OPINION OF THE COURT
Louis B. York, J.Background
In pertinent part, this action is brought on behalf of numerous individual plaintiffs who allege that their rights under the Medicaid Act (42 USC § 1396) have been violated. They allege that the municipal and State defendants have failed to provide an adequate lead-poisoning screening, diagnosis, and treatment program as required of States that accept Federal dollars through the Medicaid program.
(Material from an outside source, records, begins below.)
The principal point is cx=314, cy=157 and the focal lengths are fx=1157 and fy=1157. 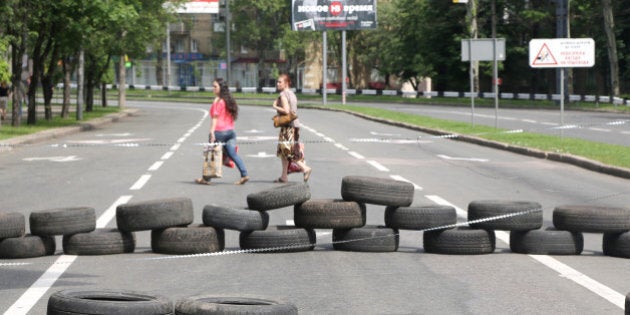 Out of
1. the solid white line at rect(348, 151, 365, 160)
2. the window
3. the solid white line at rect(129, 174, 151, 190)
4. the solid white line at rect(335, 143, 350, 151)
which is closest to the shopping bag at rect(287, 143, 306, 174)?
the solid white line at rect(129, 174, 151, 190)

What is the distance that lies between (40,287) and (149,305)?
2.15 metres

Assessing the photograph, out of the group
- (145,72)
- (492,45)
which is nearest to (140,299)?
(492,45)

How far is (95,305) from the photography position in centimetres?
688

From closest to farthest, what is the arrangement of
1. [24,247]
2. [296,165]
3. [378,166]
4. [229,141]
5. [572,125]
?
[24,247], [296,165], [229,141], [378,166], [572,125]

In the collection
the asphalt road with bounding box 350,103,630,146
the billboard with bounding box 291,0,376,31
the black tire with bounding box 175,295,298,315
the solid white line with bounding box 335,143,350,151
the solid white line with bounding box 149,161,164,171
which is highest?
the billboard with bounding box 291,0,376,31

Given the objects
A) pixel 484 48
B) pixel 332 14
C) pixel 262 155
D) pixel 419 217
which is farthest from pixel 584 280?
pixel 332 14

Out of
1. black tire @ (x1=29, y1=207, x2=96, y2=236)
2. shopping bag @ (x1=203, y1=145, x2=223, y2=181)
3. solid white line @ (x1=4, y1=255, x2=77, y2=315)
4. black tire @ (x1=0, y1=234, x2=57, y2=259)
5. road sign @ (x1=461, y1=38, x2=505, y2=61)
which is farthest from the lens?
road sign @ (x1=461, y1=38, x2=505, y2=61)

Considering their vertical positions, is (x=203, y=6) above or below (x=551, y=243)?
above

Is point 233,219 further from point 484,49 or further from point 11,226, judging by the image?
point 484,49

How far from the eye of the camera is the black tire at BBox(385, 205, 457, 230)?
10852mm

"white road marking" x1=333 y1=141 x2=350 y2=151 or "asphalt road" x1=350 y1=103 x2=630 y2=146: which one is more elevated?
"white road marking" x1=333 y1=141 x2=350 y2=151

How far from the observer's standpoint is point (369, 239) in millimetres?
10703

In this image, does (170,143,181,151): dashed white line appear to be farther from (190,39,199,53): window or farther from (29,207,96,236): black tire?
(190,39,199,53): window

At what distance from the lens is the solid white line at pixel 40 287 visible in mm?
7855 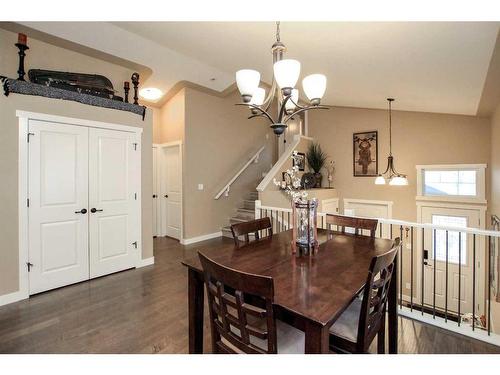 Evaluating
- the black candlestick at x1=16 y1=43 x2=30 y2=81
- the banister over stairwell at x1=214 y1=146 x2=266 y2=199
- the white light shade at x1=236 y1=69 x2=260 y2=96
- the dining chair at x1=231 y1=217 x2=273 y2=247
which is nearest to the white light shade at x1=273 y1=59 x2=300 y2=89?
the white light shade at x1=236 y1=69 x2=260 y2=96

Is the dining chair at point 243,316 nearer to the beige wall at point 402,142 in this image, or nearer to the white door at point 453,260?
the white door at point 453,260

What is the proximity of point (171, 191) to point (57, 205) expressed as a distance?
8.20 feet

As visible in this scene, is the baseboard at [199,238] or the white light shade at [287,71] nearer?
the white light shade at [287,71]

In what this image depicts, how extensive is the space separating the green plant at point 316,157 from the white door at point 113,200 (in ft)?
14.3

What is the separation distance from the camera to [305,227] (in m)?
1.91

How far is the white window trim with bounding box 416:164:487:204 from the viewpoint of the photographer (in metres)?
4.75

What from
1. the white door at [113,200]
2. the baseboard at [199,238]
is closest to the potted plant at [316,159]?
the baseboard at [199,238]

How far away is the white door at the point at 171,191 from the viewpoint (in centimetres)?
520

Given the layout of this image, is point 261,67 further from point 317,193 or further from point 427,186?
point 427,186

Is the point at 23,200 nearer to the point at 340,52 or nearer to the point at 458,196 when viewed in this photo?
the point at 340,52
Plaintiffs are children who have suffered, and in many cases continue to suffer, from the grave consequences of lead poisoning. These well-documented toxic effects can include learning disabilities, brain damage, hyperactivity, loss of coordination, loss of appetite, abdominal pain, vomiting, convulsions, and in the most severe instances, death. (New York City Coalition to End Lead Poisoning v Koch, 138 Misc 2d 188, 189 [Sup Ct, NY County 1987].) The most common cause of acute lead poisoning is the ingestion of chips and dust from lead-based paint (id.), which was used extensively in New York City for decades, and persists in older, more dilapidated housing stock.
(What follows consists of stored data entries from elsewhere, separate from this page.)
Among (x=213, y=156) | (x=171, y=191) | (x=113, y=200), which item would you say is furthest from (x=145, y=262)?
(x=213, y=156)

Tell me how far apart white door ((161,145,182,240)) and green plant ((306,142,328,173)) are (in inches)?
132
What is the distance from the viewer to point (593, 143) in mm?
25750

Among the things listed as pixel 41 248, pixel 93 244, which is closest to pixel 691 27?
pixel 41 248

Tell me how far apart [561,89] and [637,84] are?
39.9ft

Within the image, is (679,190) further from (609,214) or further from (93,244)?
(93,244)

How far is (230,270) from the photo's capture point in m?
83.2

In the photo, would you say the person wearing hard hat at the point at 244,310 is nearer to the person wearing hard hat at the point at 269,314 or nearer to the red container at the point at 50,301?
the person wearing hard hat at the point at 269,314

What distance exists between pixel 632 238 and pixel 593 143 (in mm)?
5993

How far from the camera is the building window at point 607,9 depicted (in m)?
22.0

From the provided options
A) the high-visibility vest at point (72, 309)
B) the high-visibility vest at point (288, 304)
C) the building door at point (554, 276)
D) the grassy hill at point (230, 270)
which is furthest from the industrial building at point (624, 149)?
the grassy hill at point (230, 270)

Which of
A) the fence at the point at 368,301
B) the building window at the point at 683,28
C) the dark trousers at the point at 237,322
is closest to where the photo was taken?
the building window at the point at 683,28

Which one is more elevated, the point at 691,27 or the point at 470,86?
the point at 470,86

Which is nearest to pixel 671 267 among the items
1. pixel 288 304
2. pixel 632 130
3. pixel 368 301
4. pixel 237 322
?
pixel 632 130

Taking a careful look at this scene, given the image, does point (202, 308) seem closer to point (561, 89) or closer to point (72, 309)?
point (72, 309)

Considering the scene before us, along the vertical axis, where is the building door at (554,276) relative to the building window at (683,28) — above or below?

In the interest of public health the Federal Government, partly through its Medicaid plan, has promulgated measures designed to prevent, treat, and ultimately eliminate the lead poisoning that has plagued our Nation’s urban centers. (See, *42742 USC § 1396.) When States accept Federal dollars through Medicaid, they concurrently agree to design and implement programs that meet these public health policies. (Wilder v Virginia Hosp. Assn., 496 US 498, 502 [1990].) This dispute centers on the effectiveness of New York’s plan under its Medicaid arrangements.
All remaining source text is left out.